I would like to define a measure of the non-uniformity of the distribution. I have a sample of $n$ iid values drawn from an unknown underlying continuous distribution with cdf $F(x), x \in [0,1)$. I need to define a distance from the empirical distribution to the uniform distribution. What I tried to use Kolmogorov-Smirnov distance to the uniform distribution ($F_{uniform}(x) \equiv x$): $$ K_n = \sqrt{n} \sup_x |F_n(x)-x| $$
where $F_n(x)$ is empirical cdf. It would be perfect if the underlying distribution was uniform. It also works really great when the underlying distribution is close to uniform.
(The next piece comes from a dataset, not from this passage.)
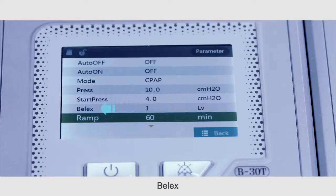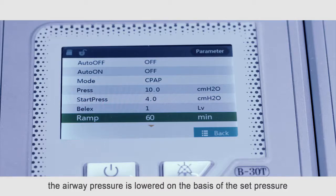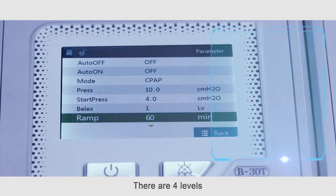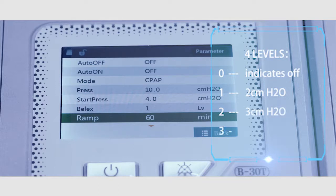Relax: During the expiration period, the airway pressure is lower on the basis of the set pressure. The larger the level, the greater the reduced pressure. There are four levels: zero, one (two centimeters of water pressure), two (three centimeters water pressure), and three (four centimeters water pressure).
Unfortunately, if the underlying distribution is non-uniform, one cannot say anything about the distribution of $K_n$ and it also becomes strongly $n$-dependent
That statistic would still work for me as a distance if all my samples (drawn from different $F(x)$) had the same $n$ in the sense that I could arrange all these samples by the distance to the uniform distribution and say which one is more uniform. In the case of variable $n$ and $F(x)$ I am trying to think of the KS distance as: $$ K_n = \sup_x |\sqrt{n}(F_n(x)-F(x)) + \sqrt{n}(F(x)-x)| $$
So, the first "part" of this expression is the standard KS statistic and has a universal distribution independent of $n$ (for big enough $n$), and the second part grows as $\sqrt{n}$, but of course it's hard or impossible to say anything about the whole expression. Still, my physiscist's intuition tells me that $K_n \propto A+B\sqrt{n}$ and the B coefficient can be a measure of distance between $F(x)$ and $F_{uniform}(x) \equiv x$. Perhaps I can estimate $B$ if I resample my original sample (either with or without replacement).
Does it look like the right direction? Does anyone have better ideas?
P.S: In my original problem the distributions are defined on circles, so I use Kuiper's statistic instead of KS. However, I expect people to be more familiar with KS and it seems to me that any developments for KS distance can be simply moved to Kuiper's distance.